Question

How do you solve the top two problems ?

Answer 1

1. It doesn't matter what the absolute sizes are; the probability is the ratio of the area of the circle to the area of the triangle.

Let's make it the unit circle, radius 1 (so apothem 1 for the triangle) so area $\pi$.

We can get the area of the triangle a couple of different ways; we'll compare.

Let's call the side of the equilateral triangle s and its height h.

Since the incenter is the centroid for an equilateral triangle, the height is three times the apothem, so h=3. The sides of the right triangle made by the altitude are s/2 and s, so

$(s/2)^2 + h^2=s^2$

$h^2 = \frac 3 4 s^2$

$s^2 = \frac 4 3 h^2$

$A =\dfrac{\sqrt{3} s^2}{4} = \dfrac{\sqrt{3} h^2}{3}$

We have h=3 so the triangle area is $3 \sqrt{3}$ and the probability we seek is

Answer: $p = \dfrac{\pi}{3 \sqrt{3}}$

That's approximately 0.605

2. P(not in circle | in triangle) = 1 - P(in circle | in triangle)

$p = 1 - \dfrac{\pi}{3 \sqrt{3}} = 1 - \pi \sqrt{3}{9}= \dfrac{9 - \pi \sqrt{3}}{9}$

Answer: $\dfrac{9 - \pi \sqrt{3}}{9}$

That's approximately 0.395

Edit: I forgot to do the area another way. I'll add that.

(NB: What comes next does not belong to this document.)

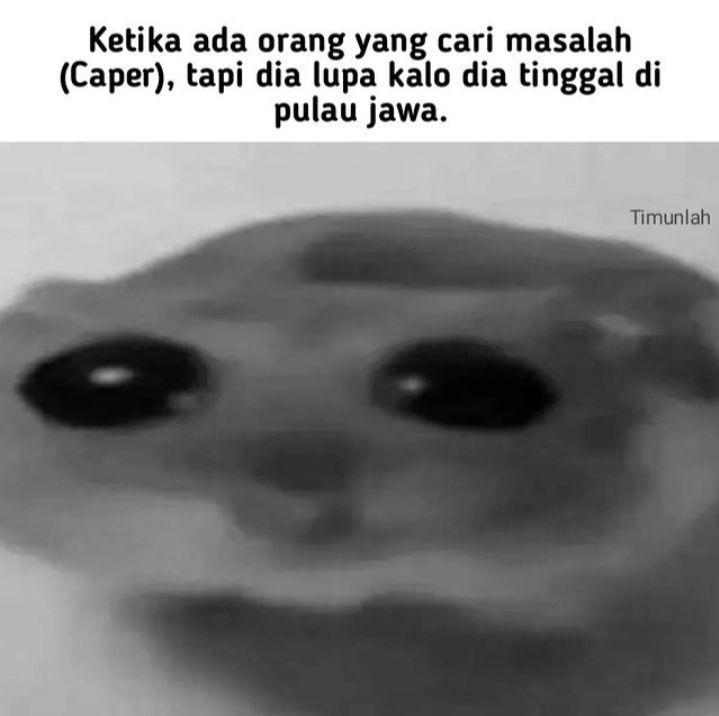 meme caper (instagram.com/timunlah)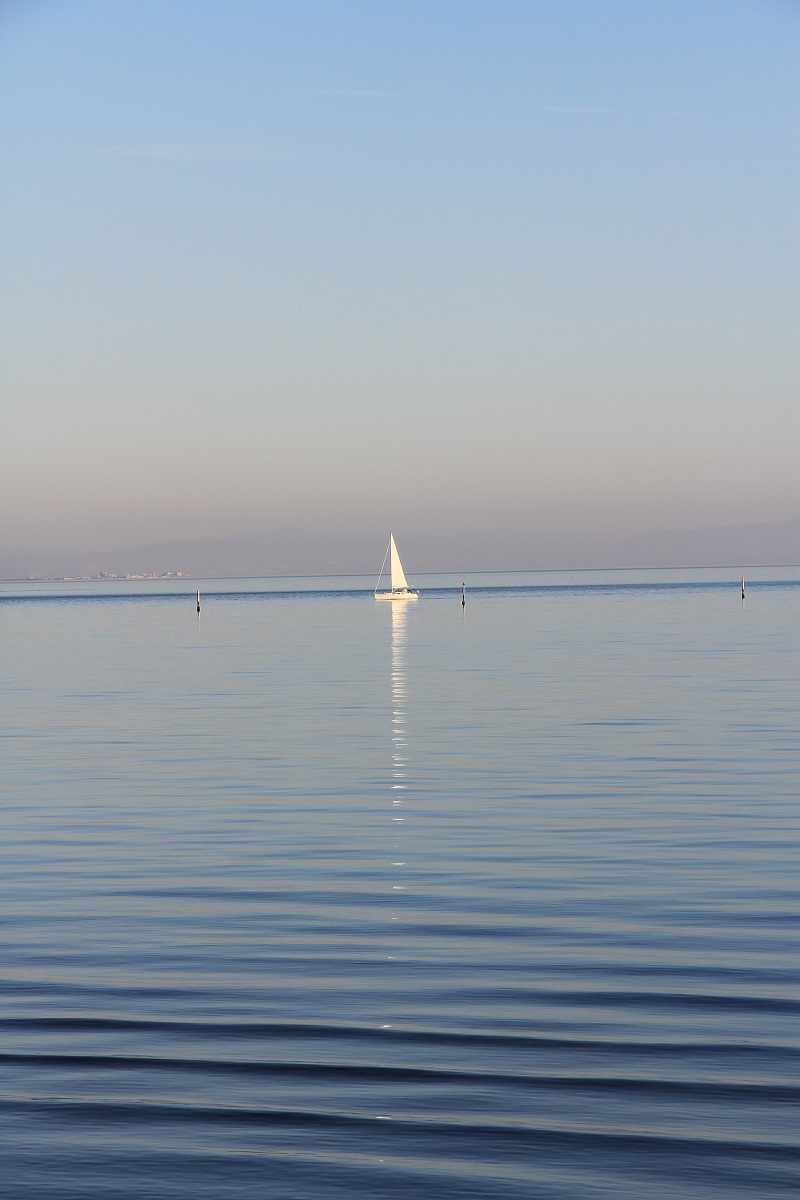 Lignano 15.xii.2013 - apa78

If we connect the tangent points of the incircle, by symmetry we get four congruent equilateral triangles. Any of the three chords makes an isosceles triangle with two radii and included angle 120 degrees. By the law of cosines, the chord length, which is the side of the small equilateral triangle, is

$s^2 = 1^2 + 1^2 - 2 (1)(1) \cos 120^\circ = 2 - (2)(-1/2) = 3$

so a total triangle area of

$4 \times \dfrac{\sqrt{3} s^2}{4}} = 3 \sqrt{3}$

which agrees with the previous calculation.